Line for line, the listing below is to be transcribed exactly.

*** Material for the task ***

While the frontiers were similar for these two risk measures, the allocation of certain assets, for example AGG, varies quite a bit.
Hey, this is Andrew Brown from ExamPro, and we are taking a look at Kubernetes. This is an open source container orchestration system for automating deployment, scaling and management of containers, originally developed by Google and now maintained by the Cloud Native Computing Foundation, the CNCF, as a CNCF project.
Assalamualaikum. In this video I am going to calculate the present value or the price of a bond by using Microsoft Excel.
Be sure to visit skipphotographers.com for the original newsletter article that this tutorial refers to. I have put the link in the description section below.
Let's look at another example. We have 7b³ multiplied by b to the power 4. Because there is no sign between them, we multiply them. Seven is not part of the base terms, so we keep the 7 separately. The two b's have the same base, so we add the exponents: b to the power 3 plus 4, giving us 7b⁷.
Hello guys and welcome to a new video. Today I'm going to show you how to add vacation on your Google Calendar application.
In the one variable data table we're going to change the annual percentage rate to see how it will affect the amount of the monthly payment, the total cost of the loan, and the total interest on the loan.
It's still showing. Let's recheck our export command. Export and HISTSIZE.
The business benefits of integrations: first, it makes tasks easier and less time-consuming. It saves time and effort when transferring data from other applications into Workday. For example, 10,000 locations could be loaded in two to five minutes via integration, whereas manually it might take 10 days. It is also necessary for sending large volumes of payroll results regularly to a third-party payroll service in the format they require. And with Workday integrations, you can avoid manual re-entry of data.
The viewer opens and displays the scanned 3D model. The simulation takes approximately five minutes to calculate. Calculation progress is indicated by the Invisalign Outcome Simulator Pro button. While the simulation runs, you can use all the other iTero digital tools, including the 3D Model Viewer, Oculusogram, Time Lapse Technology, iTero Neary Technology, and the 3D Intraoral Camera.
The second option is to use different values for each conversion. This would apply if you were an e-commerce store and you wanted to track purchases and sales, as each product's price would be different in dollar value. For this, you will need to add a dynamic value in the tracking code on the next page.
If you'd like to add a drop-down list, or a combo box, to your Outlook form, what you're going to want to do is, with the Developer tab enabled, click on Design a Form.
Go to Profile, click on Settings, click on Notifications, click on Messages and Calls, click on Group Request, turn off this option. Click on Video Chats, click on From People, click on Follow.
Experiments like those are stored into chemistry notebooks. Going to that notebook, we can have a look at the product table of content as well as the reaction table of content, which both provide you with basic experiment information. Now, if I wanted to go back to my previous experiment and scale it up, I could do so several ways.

*** End of Material for the task ***

Exercise answer:
While the frontiers were similar for these two risk measures, the allocation of certain assets, for example AGG, varies quite a bit.
Hey, this is Andrew Brown from ExamPro, and we are taking a look at Kubernetes. This is an open source container orchestration system for automating deployment, scaling and management of containers, originally developed by Google and now maintained by the Cloud Native Computing Foundation, the CNCF, as a CNCF project.
Assalamualaikum. In this video I am going to calculate the present value or the price of a bond by using Microsoft Excel.
Be sure to visit skipphotographers.com for the original newsletter article that this tutorial refers to. I have put the link in the description section below.
Let's look at another example. We have 7b³ multiplied by b to the power 4. Because there is no sign between them, we multiply them. Seven is not part of the base terms, so we keep the 7 separately. The two b's have the same base, so we add the exponents: b to the power 3 plus 4, giving us 7b⁷.
Hello guys and welcome to a new video. Today I'm going to show you how to add vacation on your Google Calendar application.
In the one variable data table we're going to change the annual percentage rate to see how it will affect the amount of the monthly payment, the total cost of the loan, and the total interest on the loan.
It's still showing. Let's recheck our export command. Export and HISTSIZE.
The business benefits of integrations: first, it makes tasks easier and less time-consuming. It saves time and effort when transferring data from other applications into Workday. For example, 10,000 locations could be loaded in two to five minutes via integration, whereas manually it might take 10 days. It is also necessary for sending large volumes of payroll results regularly to a third-party payroll service in the format they require. And with Workday integrations, you can avoid manual re-entry of data.
The viewer opens and displays the scanned 3D model. The simulation takes approximately five minutes to calculate. Calculation progress is indicated by the Invisalign Outcome Simulator Pro button. While the simulation runs, you can use all the other iTero digital tools, including the 3D Model Viewer, Oculusogram, Time Lapse Technology, iTero Neary Technology, and the 3D Intraoral Camera.
The second option is to use different values for each conversion. This would apply if you were an e-commerce store and you wanted to track purchases and sales, as each product's price would be different in dollar value. For this, you will need to add a dynamic value in the tracking code on the next page.
If you'd like to add a drop-down list, or a combo box, to your Outlook form, what you're going to want to do is, with the Developer tab enabled, click on Design a Form.
Go to Profile, click on Settings, click on Notifications, click on Messages and Calls, click on Group Request, turn off this option. Click on Video Chats, click on From People, click on Follow.
Experiments like those are stored into chemistry notebooks. Going to that notebook, we can have a look at the product table of content as well as the reaction table of content, which both provide you with basic experiment information. Now, if I wanted to go back to my previous experiment and scale it up, I could do so several ways.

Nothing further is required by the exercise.